News

New county program to fight truancy, lift graduation rates

Three-year grant to fund 'Students With Amazing Goals,' launching this spring

Armed with a recently awarded $885,000 federal grant, San Mateo County is launching a targeted effort to combat truancy and boost graduation rates for East Palo Alto and Belle Haven youth.

The county's "Students With Amazing Goals" (SWAG) program will launch with 80 students this spring, providing them mentoring, tutoring, vocational training and other supports "outside that offered by more traditional curriculums," a county press release reads.

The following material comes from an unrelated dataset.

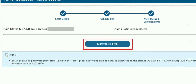PAN Status for Aadhar Number. If you want to enter OTP, you can enter OTP. PAN Allotment Successful.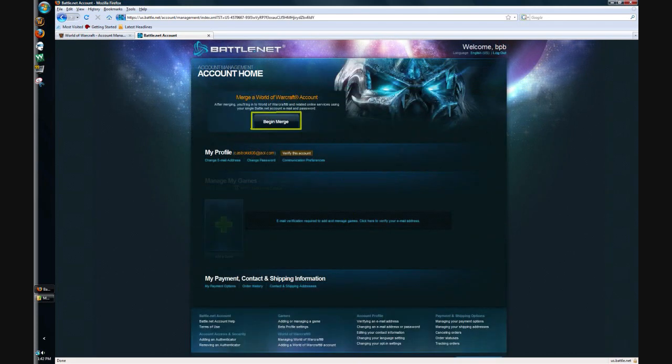This page will pop up once you hit continue to account management. At the top it'll say merge a WoW account. You're going to want to hit begin merge, and once you hit that screen you enter your WoW information. I don't have it because this is a fake email address and I forgot to verify. I didn't verify it because I don't have a password to get into the email.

The SWAG program is funded by a three-year, $885,000 Edward Byrne Memorial Justice Assistance Grant (JAG) that the U.S. Department of Justice's Bureau of Justice Assistance awarded San Mateo County in February.

"Seeing youth attend school and graduate is an important goal countywide but stakeholders say the need in East Palo Alto and the Belle Haven neighborhood of Menlo Park is particularly keen," the press release reads.

High school graduation rates for East Palo Alto students hover around 50 percent, attendance rates fall far short of the district average and suspension rates are 300 percent higher, according to the San Mateo County Office of Education.

Using 10 program areas ranging from athletics to substance abuse, SWAG aims to reduce the truancy rate by 75 percent for middle and high school students on probation, drop the rate among their non-probationary at-risk counterparts by 50 percent and see a 50 percent high school graduation rate among fifth-year seniors.

"Imagine having the opportunity to attend college when you never thought you would or being diverted from the judicial system to a positive outcome," East Palo Alto Mayor Lisa Yarbrough-Gauthier said in the release, adding that improved graduation rates can lead to earning a wage that makes self-sufficiency and potentially home ownership in their own community a possibility.

SWAG will occupy a former community day school at 763 Green St. in East Palo Alto, a site already home to program partners One East Palo Alto and Live in Peace, which offer a range of life skills, recreation and educational opportunities for local youth.

"The best crime prevention tools we have for at-risk youth are education and wrap around services," Deputy County Manager Mike Callagy stated in the release. "We know when an at-risk youth finishes high school and goes to college or into vocational training, the experience can be life changing."

The federal grant was secured with help from a steering committee that included Superior Court Judge Cliff Cretan, Sequoia Union High School District Superintendent James Lianides, former Menlo Park Mayor Ray Mueller, Human Services Agency Director Iliana Rodriguez, Pastor Mary Frazier, County Undersheriff Carlos Bolanos, Chief Probation Officer John Keene, Mayor Yarbrough-Gauthier, former East Palo Alto mayor and current Ravenswood City School District board member Sharifa Wilson, Chief Deputy District Attorney Karen Guidotti, Robert Hoover and Heather Starnes of Live in Peace, San Mateo County Private Defender Program Managing Attorney Richard Halpern, San Mateo County District Four Supervisor Warren Slocum and One East Palo Alto Executive Director Dr. Faye McNair-Knox.

Elena Kadvany

Comments

1 person likes this
Posted by Bob
a resident of Another Palo Alto neighborhood
on Feb 23, 2015 at 1:06 pm

This is a lot of taxpayer's money that seems destined to simply disappear before our eyes.

Sad that there is no way to hold those named in the article accountable for the results of the use of this money.


1 person likes this
Posted by Wrong Direction
a resident of Another Palo Alto neighborhood
on Feb 23, 2015 at 6:45 pm

In the late Nineties, one of my friends was a librarian for the Sequoia School District. The truancy and drop-out rates for Sequoia HS were astronomically high, so an internal investigation was launched to find out the real reasons.

As it turned out, my friend explained, most of the kids as Sequioia High had after-school employment. Many also had to provide daycare for younger siblings due to absent and/or overworked parents who held two or more jobs themselves. They had no time for homework, which made up a large portion of their grades.

As a result, most of these at-risk kids just gave up on school, didn't complete their homework at all, stopped going to school and eventually dropped out.

The solution was to eliminate homework. Within two years, my friend told me, the truancy rate had dropped dramatically and the graduation rate had gone up a whopping 40%!

This is a solution EPAand Belle Haven need to consider as well.